Transceiver, shovel and probe are all essentials. These items should be regularly checked and drilled with – quick assembly of shovels and probes is an essential lifesaving skill.

Digging a casualty out is by far the most important, time consuming and difficult part of the rescue, so a big, strong, metal shovel with a long handle is really important.

Tip: Research has shown that a team of diggers working together and rotating so that no-one gets too fatigued is the best way to excavate a casualty.

A robust pack is also really important, as this will give you expedient access to critical safety kit. It also needs to be big enough to carry more than just the basics; strapping items on the outside of your pack is unacceptable – these will be easily torn off and lost in the event of a fall or avalanche.


Spare clothingfirst aid kitsurvival shelter, food and drink are just as important to your survival. You will also need to be able to contact rescue services, so a fully-charged mobile phone is also essential. To help emergency services locate you, you will need more than one map in your group (just in case one gets buried).

Tip: Mobile phones, cameras and anything electrical will interfere with your avalanche transceivers; keep these at least 50cm away for your transceiver at all times.

How exactly do avalanche transceivers and probes work?

An avalanche transceiver emits a pulse which can be tracked by another device in search mode. With modern triple-antenna/digital devices we can very easily search and locate a casualty. Probes are long, thin poles which can be pushed into the snow to assess how deep and in what position the casualty is buried.


What must you remember in the event of an avalanche?

Safety is first and speed second – you don’t want to become a casualty yourself. Proceed only if you feel it is safe enough to do so. A lookout could warn searchers in the event of a secondary avalanche.

Speed, or more importantly efficiency, is critical in any avalanche rescue, and a casualty’s best chance of survival is what his companions do in the first 10 minutes.

Appoint a leader – having an individual in charge will make a team far more efficient and will prevent jobs being multiplied. They can also call for professional help while having an overview of the rescue. You’ll all be stressed beyond comprehension, so diligently follow well-practiced and rehearsed plans.

Your aim is to find, probe and dig out the casualty as quickly as possible. Expect to work harder than ever before! You only need to dig out the casualty’s face and chest, so that you can clear their airway and do basic first aid. They may have other injuries, so it is a good idea to not fully excavate them until the rescue services arrive. Keep the casualty warm and give them lots of reassurance.

What drill can riders do to improve mountain safety skills?

Lots of resorts have transceiver training areas, and the ski patrollers are usually only too happy to help and offer advice. You can also practice at home, in the garden or in your local park.
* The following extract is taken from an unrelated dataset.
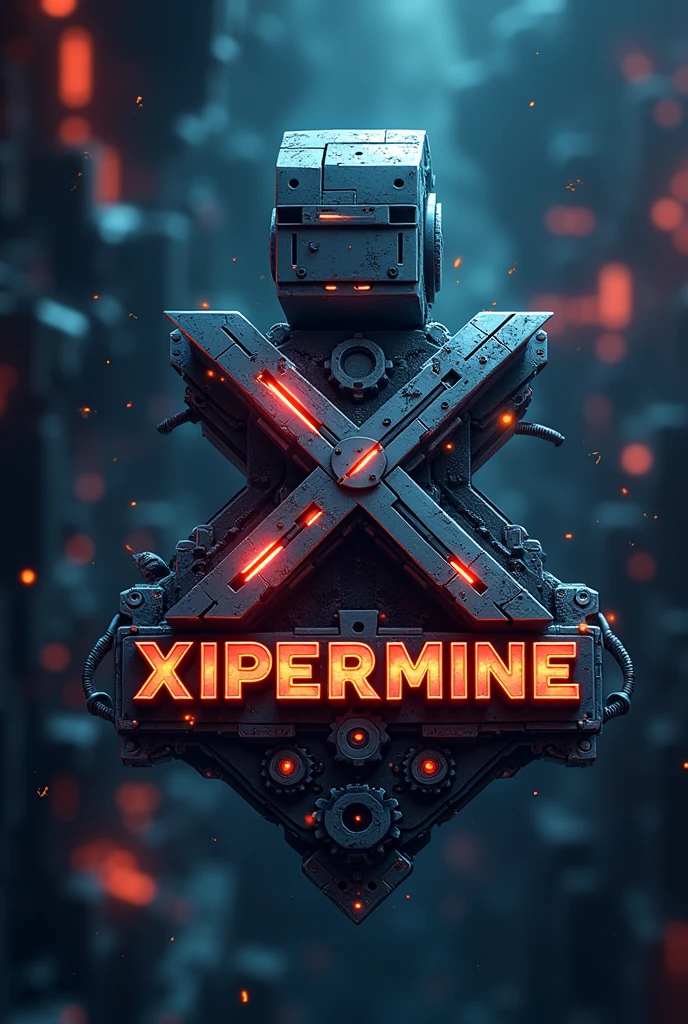Minecraft logo that says xipermine (robot theme)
Try searching in the dark or with thick gloves on, as this will help mimic the difficulties of a real search.

As a warm-up, ask everyone in your group to assemble their shovels and probes. It’s amazing how we bury this critical safety equipment in our packs, so stash it where it can be easily and quickly accessed! Whoever is slowest can buy the first round après ski!

British Mountain Guides also provide avalanche training courses or are available for a day’s refresher.

Glenmore Lodge offers a wide range of avalanche awareness courses based in Scotland and the Alps.

When winter mountaineering in places like scotland, what must walkers and backpackers remember?

Scotland is a unique environment, because the weather and snow pack changes at a phenomenal rate.

Lots of spare clothing that can cope wet and windy weather is important. Don’t forget gloves; you will require at least three pairs (and perhaps a fourth for emergencies). I never leave home without a pair of good quality goggles with a low light lens.

A well packed rucksack is also critical – try to envisage in what order you will need your items, so that you don’t have to repack on the top of a mountain while the wind loads your backpack with spindrift!